Musicologist and Assistant Professor of Music Vanessa Rogers led off the second session of this year’s Ides of August with a discussion of her research on 18th century English theater music and orchestral seating in the theaters of Georgian era.
Rogers’ interest in the topic began while she was doing research on another topic at the Folger Shakespeare Library in Washington, DC. There she came across a well-preserved sketch of a seating chart and the orchestra pit layout for the Old Drury Theatre in London circa 1790.
“It is the only seating plan for orchestra from this era,” Rogers said, noting that Georgian era theater and playhouse music is abundant and interesting yet often ignored by scholars.
“There was so much music going on then,” Rogers said. “It astounds me that no one has looked at this before.”
All sorts of information can be deduced from the seating chart and illustrations from that period. For example, the chart shows the piano or organ positioned so that all orchestra members can see the keyboard player, who also served as director in this age before conductors took the English music stage. One can also see which instruments were featured and how many were played.
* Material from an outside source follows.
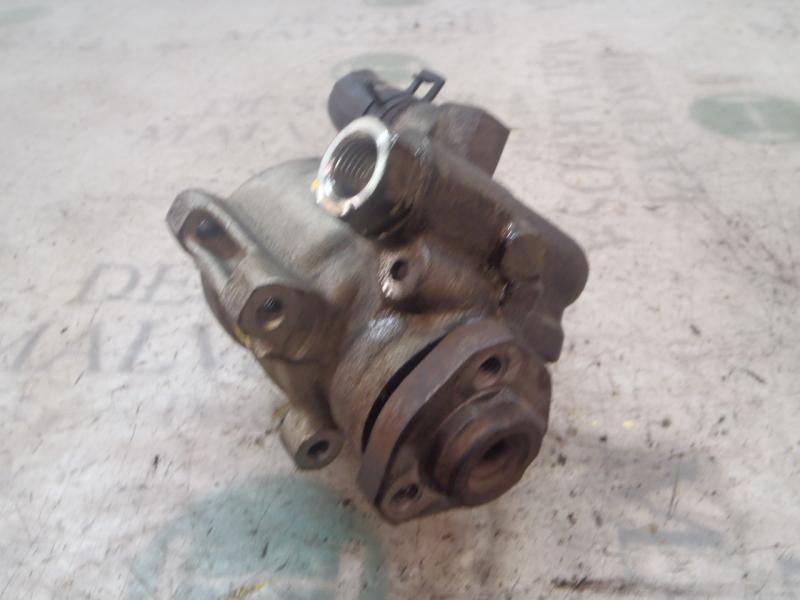 Recambio de bomba direccion para volkswagen golf iv berlina (1j1) conceptline referencia OEM IAM   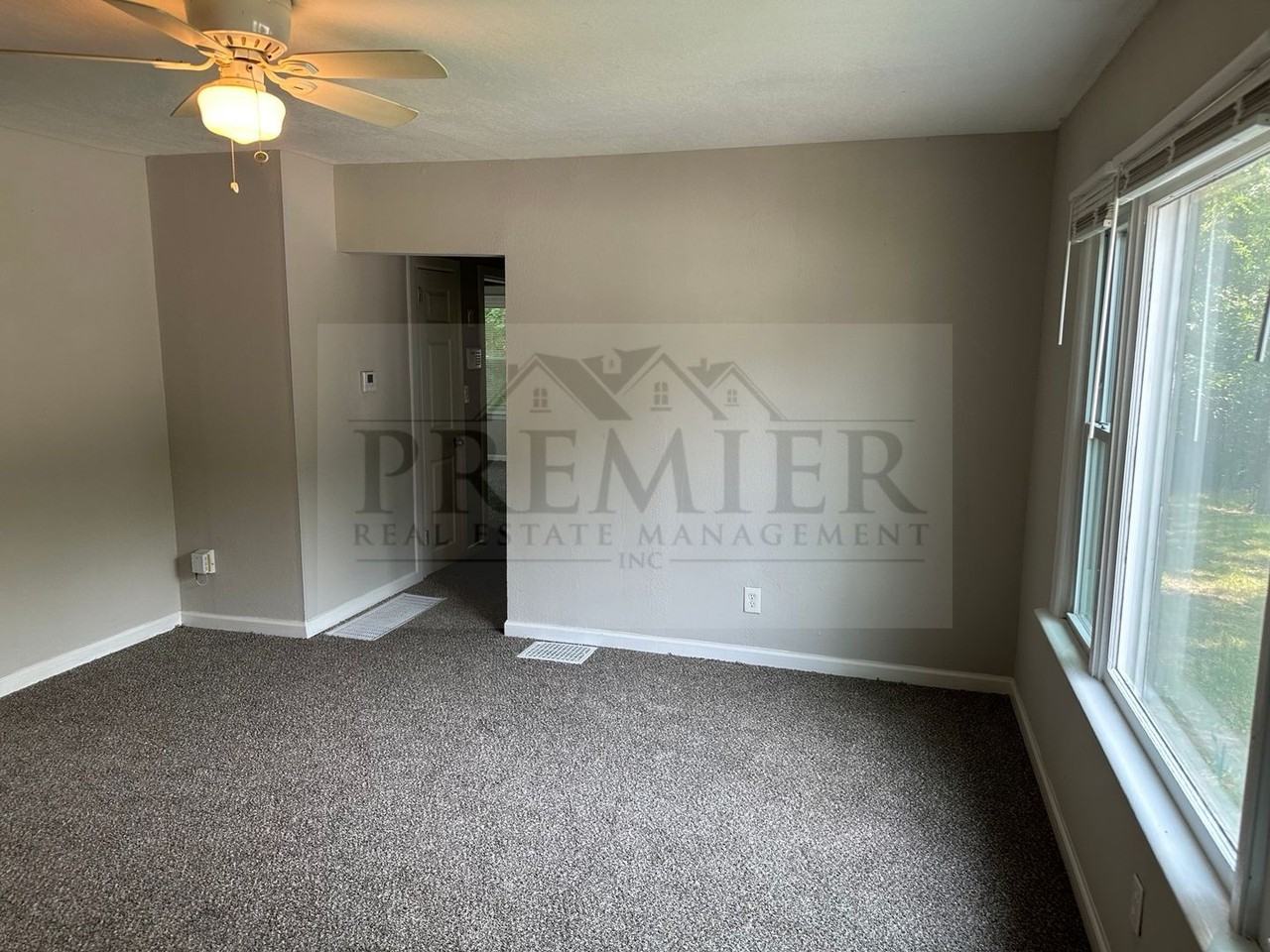 3305 S Sterling Ave - Photo 3 of 20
The cramped seating (Rogers noted that the space between listeners and performers was often less than you’d find today in the coach section of an airplane) also meant the musicians were “subject to abuse from the audience.
“That happened frequently,” Rogers said, showing illustrations from the period of fights breaking out on English theater stages. “There were a lot of riots, and the first thing they’d do is go right for the orchestra and break all the instruments.”
As a musicologist, though, Rogers said, “it’s most important to take into account how the director and composer would have thought about the direction of the sound, and how it would carry in these theaters when they were composing these pieces. So we can’t take our 21st century notions of what an orchestra should sound like and place them over 18th century, because our conclusions would be completely incorrect.”
Studies such as that Rogers is conducting will provide us with a truer sense of how the performed music of that time sounded.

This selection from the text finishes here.